To begin the 2008 season, Mateo joined the Cubs' Class-A affiliate in Peoria. In eight games, he struck out 20 batters in just 15 innings pitched, which prompted a call-up to the Daytona Cubs, the High-A affiliate of Chicago. Mateo pitched in 25 games for Daytona, recording a 3.57 ERA, a 1.31 WHIP, and 65 strikeouts. His performance with both Peoria and Daytona prompted the Cubs to add him to their 40-man roster on November 11 to protect him from being selected in the Rule 5 draft. MLB.com, at the same time, considered Mateo to be a "top prospect" for the Cubs. Mateo started the 2009 season with Daytona again, but was quickly promoted after not allowing a run in nine innings. Reportedly, the Cubs wanted to test him out as a starting pitcher before calling him up to Double-A. On April 26, Mateo made his debut for the Tennessee Smokies, the Cubs' Double-A affiliate. He pitched 3 2/3 innings for the Smokies, walked four and struck out one, but only allowed one run. In 34 total games for Tennessee, he would make a total of 13 other starts and finished the season with a 4.07 ERA, a 1.44 WHIP, and 70 strikeouts in 97.1 innings pitched.

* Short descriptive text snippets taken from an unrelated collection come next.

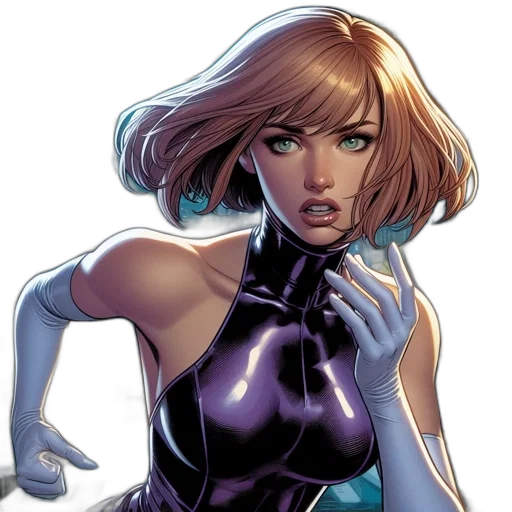 comic book art, concept art, animated, female transparent PNG cut-out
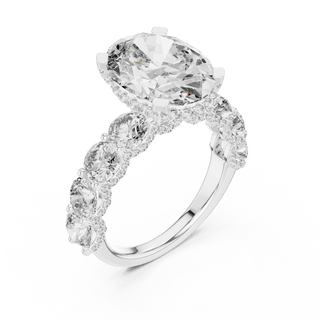 18K White Gold Diamond Engagement Ring featuring Floral Cluster style with Luxury finish for women - Perfect Bridal & Anniversary Gift - 45 Degree Angled View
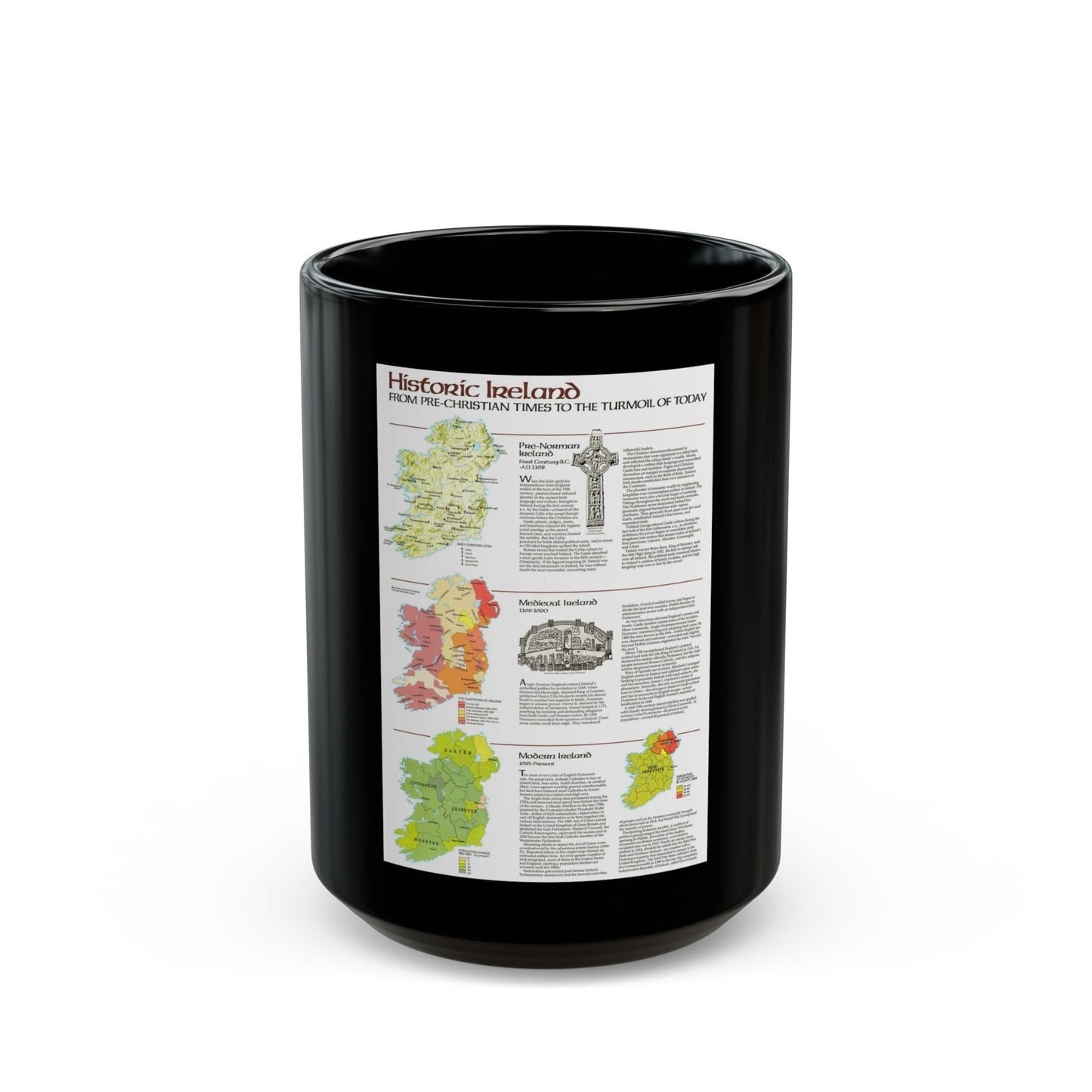 Ireland - Historic Pre-Christian to the Modern Day (1981) (Map) Black Coffee Mug-15oz-The Sticker Space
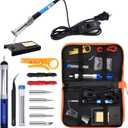 Soldering Iron Kit Electronics, 60W Adjustable Temperature Welding Tool, 5pcs Soldering Tips, Desoldering Pump, Soldering Iron Stand, Tweezers (Orange)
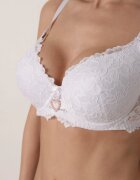 love magnolia Sutien Alb cu Dantelă și Inimă cu Zirconii Coratune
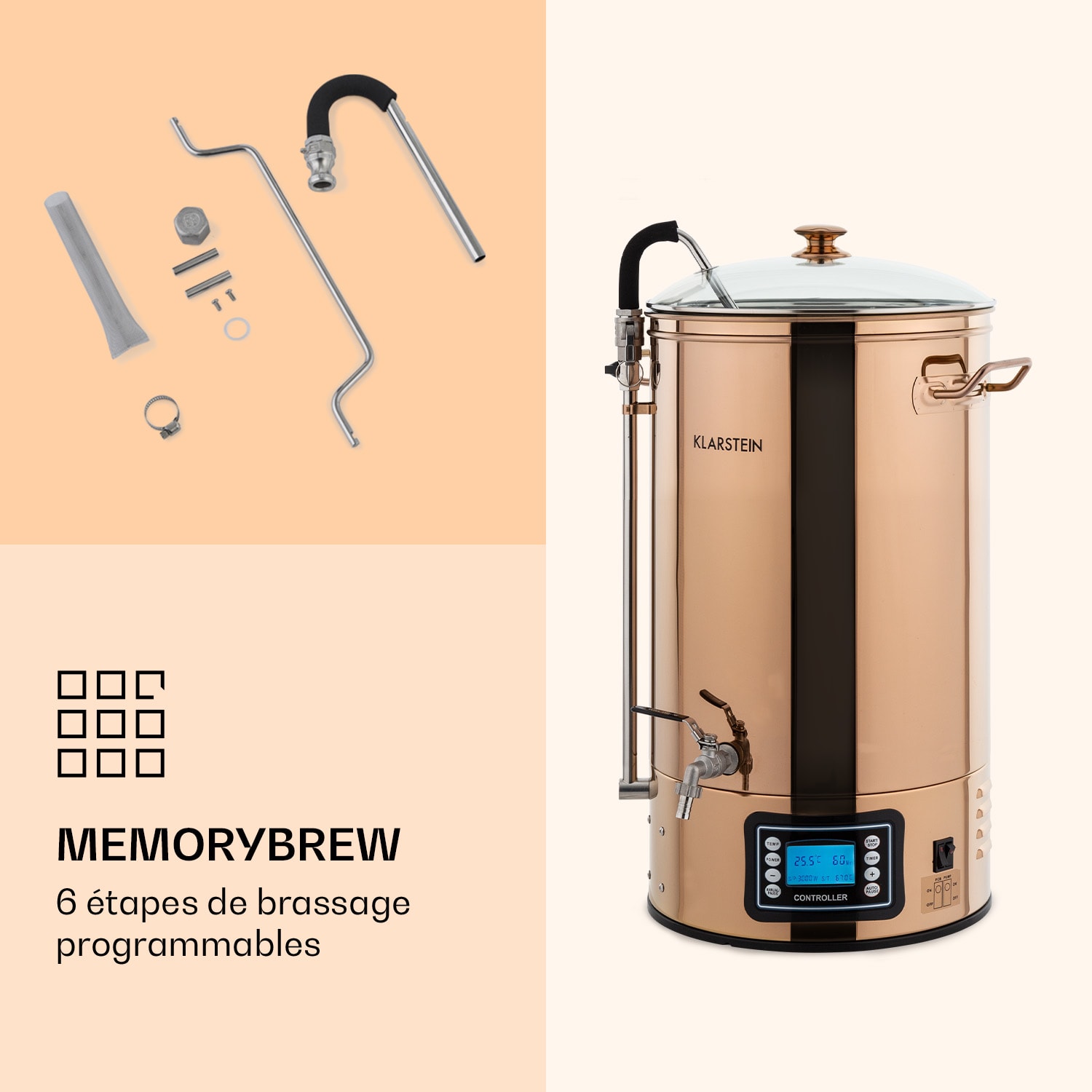 Mundschenk maischketel, bierbrouwinstallatie, 2500 watt, 30 l, 9 programma's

Mateo began the 2010 season with Tennessee, recording a 2.18 ERA, a 1.258 WHIP, and 29 strikeouts, before being called up to the Triple-A Iowa Cubs at the end of July. He pitched eight games for Iowa, before being called up to the Cubs on August 9, 2010, replacing Mitch Atkins on the 25-man roster. In his major league debut, Mateo came into the game in the 11th inning and gave up a sacrifice fly to Pat Burrell of the San Francisco Giants, which allowed the winning run to score for the Giants. Mateo had given up two hits and a walk to load the bases before Burrell drove in the winning run. He would go on to pitch in 20 more games for Chicago in 2010, recording a 5.82 ERA, a 1.338 WHIP, and 26 strikeouts in 21.2 innings of work.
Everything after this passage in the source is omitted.